However, only in the last couple of decades has NEPA’s conquest of the world become complete. In 2010, the International Court of Justice (ICJ) pronounced the EIA norm as binding customary international law in the transboundary context. A recent 197-jurisdiction survey of EIA legislation shows that the EIA norm is now embedded within the environmental laws of developed and developing countries alike. Tseming Yang, The Emergence of the Environmental Impact Assessment Duty as a Global Legal Norm and General Principle of Law, 70 Hastings L.J. 525 (2019) [hereinafter Yang]. These developments and their implications are explored in this article.

NEPA at the Dawn of Modern Environmental Law

The enactment of the National Environmental Policy Act of 1969 (NEPA), 42 U.S.C. §§ 4331–4370, not only ushered in the era of modern environmental law, but also introduced the EIA norm to the world. Its source is a short legislative provision requiring preparation of a “detailed statement . . . on the environmental impact” of any proposed major federal action. 42 U.S.C. § 4331(C). It is not clear whether Congress was fully aware that it was creating the EIA through the “detailed statement” requirement. Some have described it as the product of legislative fortuity and as an afterthought, arising from Senate hearing testimony of Professor Lynton Caldwell of Indiana University.

Since then, this simple requirement has spawned a complex process elaborated by agency regulations and litigated in a plethora of cases. In its essence, NEPA’s EIA norm is a requirement to stop and consider environmental consequences before acting, a process that requires investigation and evaluation of the environmental effects before a project, development proposal, or other government action may go forward. The process then generates a document analyzing the environmental consequences, including biophysical, social, and other relevant concerns, and alternative courses of actions, the “environmental impact statement” or “environmental assessment” under NEPA. The document is made available to the public for review and is considered by the government agency before deciding whether and how to proceed.

Even in its early days, NEPA was both celebrated and maligned. Some described it as fundamentally altering environmental planning, while others accused it of doing little to stem the tide of environmental destruction brought on by the modern world. In spite of its flaws, environmentalists, planners, and regulators have universally come to accept it as a critical and fundamental component of modern environmental regulatory systems. The EIA norm has helped establish the crucial role of the public and its legitimate concerns in environmental regulation. NEPA has also helped institutionalize the expectation that officials across the world should pause and consider the potential impacts of a proposed government action before proceeding. In addition, it has opened up governmental decision-making processes to the scrutiny of the media, the public, and reviewing courts. A hidden positive effect may well have been to deter the most poorly planned and most environmentally destructive projects that would otherwise have gone forward.

The March of Conquest

Over the five decades since NEPA’s enactment, the basic EIA requirement has spread around the world, becoming both embedded in various forms in public international law as well as codified in the national laws of almost all countries.
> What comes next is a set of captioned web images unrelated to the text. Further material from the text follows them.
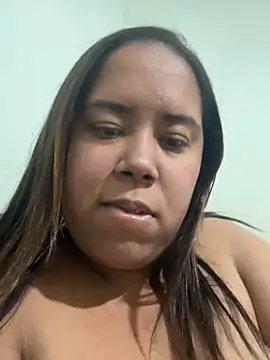 Snapshot of Tainesilva chatting on 05/20/26, 03:13 Tainesilva online show from 05/20/26, 03:13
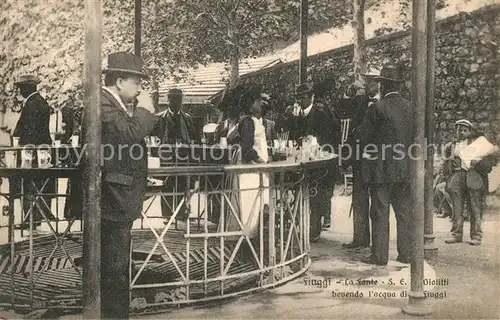 AK / Ansichtskarte Fiuggi Sonte Giolitti bevendo acqua di fiuggi Fiuggi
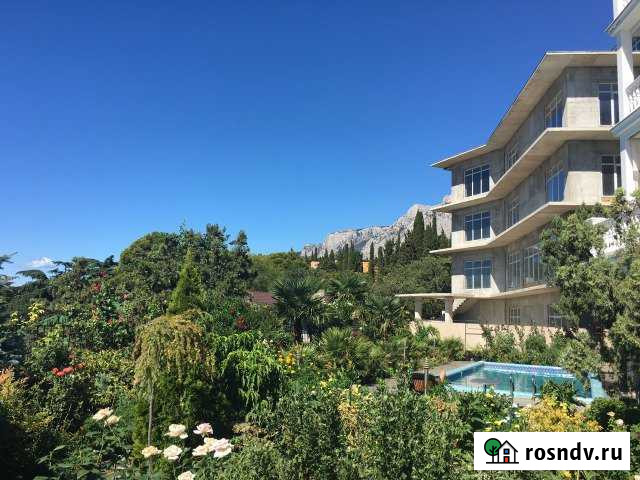 Дом 1400 м² на участке 10 сот. на продажу в Гаспре Гаспра - изображение 1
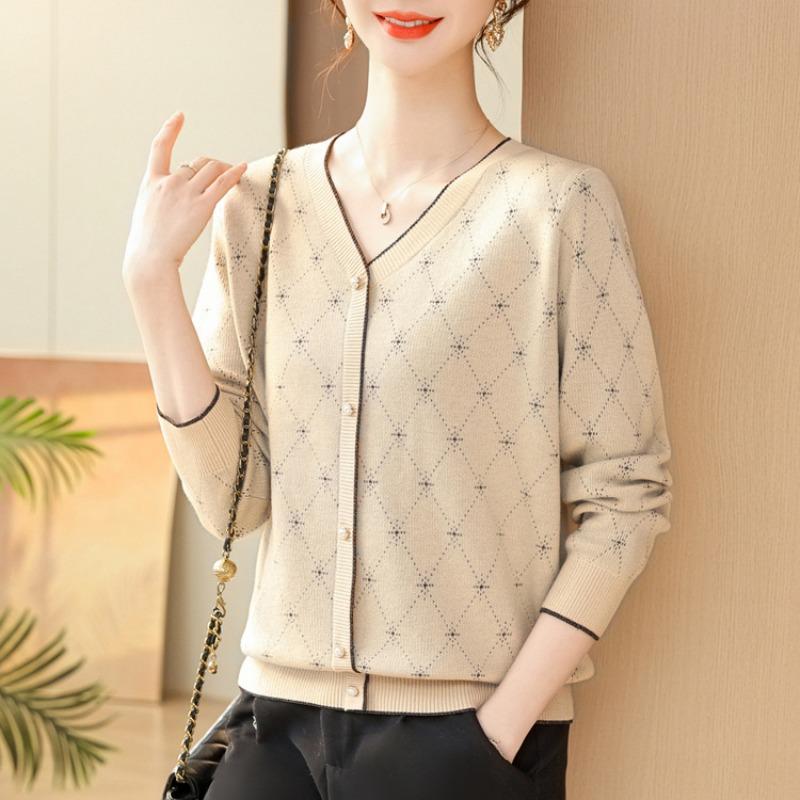New Middle-aged and Elderly Women's Loose Large Size Spring and Autumn Thin Sweater Mother Autumn Fashion Knitted Sweater Base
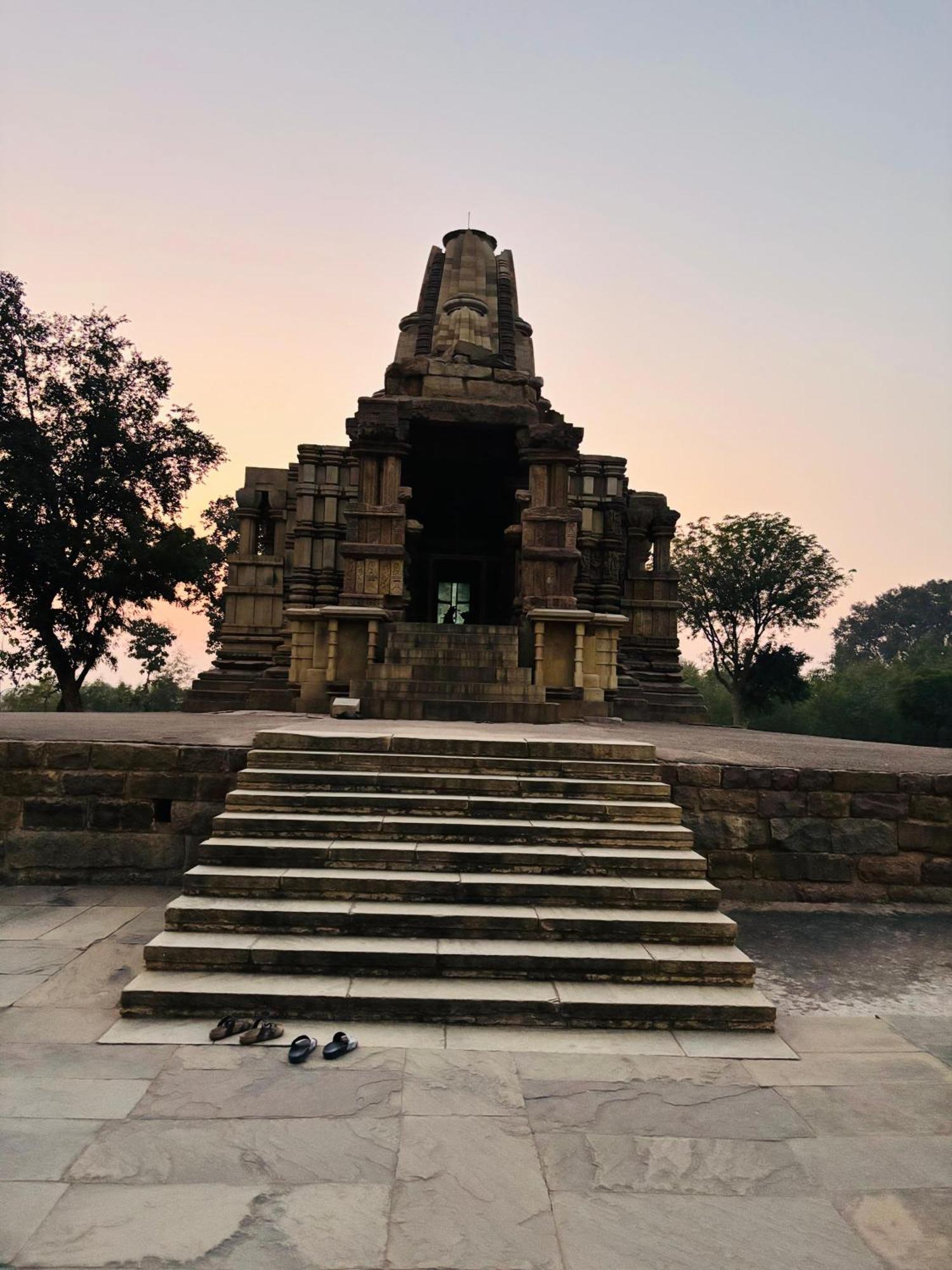 Khajuraho Glory Homestay Екстер'єр фото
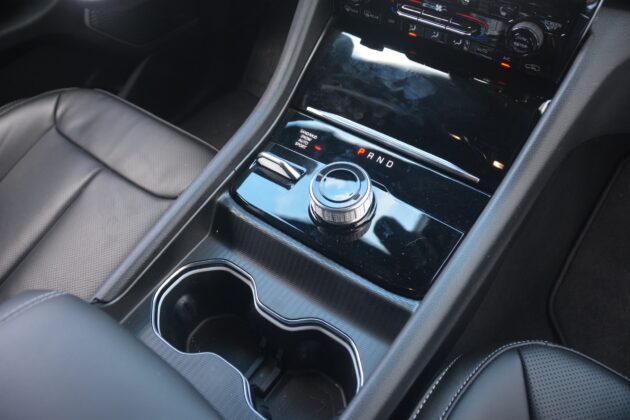 GTspirit JeepGC Interior 11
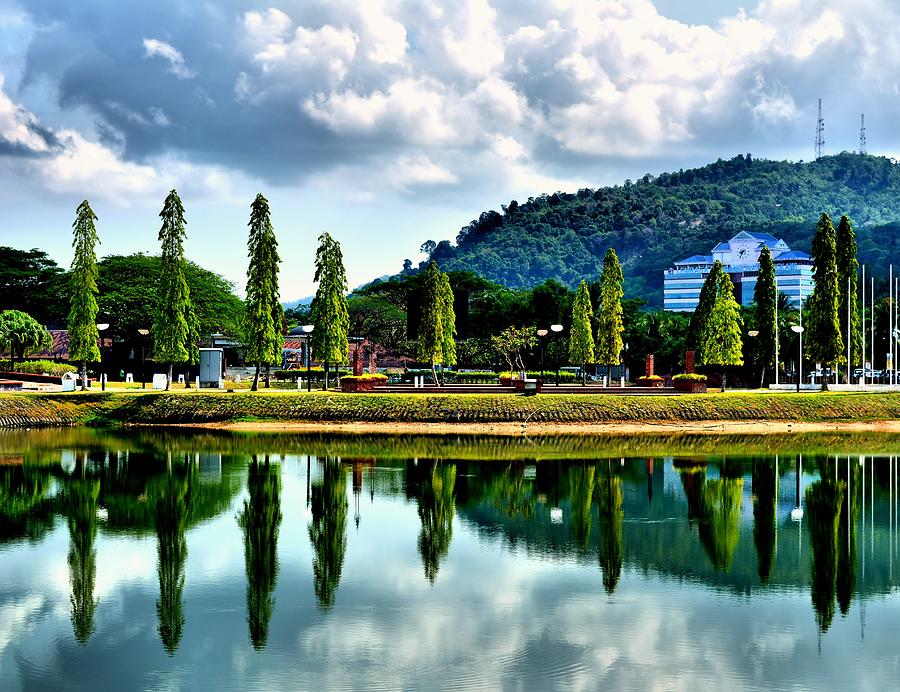 Nature Photograph - Reflection by Siti  Syuhada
It was adopted in the national environmental law systems of France in 1977, China in 1979, Brazil in 1981, India in 1986, Mexico in 1988, and the Russian Federation in 1995. Yang, supra, at 532. Even politically isolated states such as North Korea and Cuba have enacted EIA laws. Id. at 545. Within the European Union, Directive 2011/92/EU requires an EIA for public and private projects and Directive 2001/42/EC requires an EIA for plans and programmes for its member countries.

Since NEPA’s enactment, the basic EIA requirement has spread around the world, becoming both embedded in various forms in public international law as well as codified in the national laws of almost all countries.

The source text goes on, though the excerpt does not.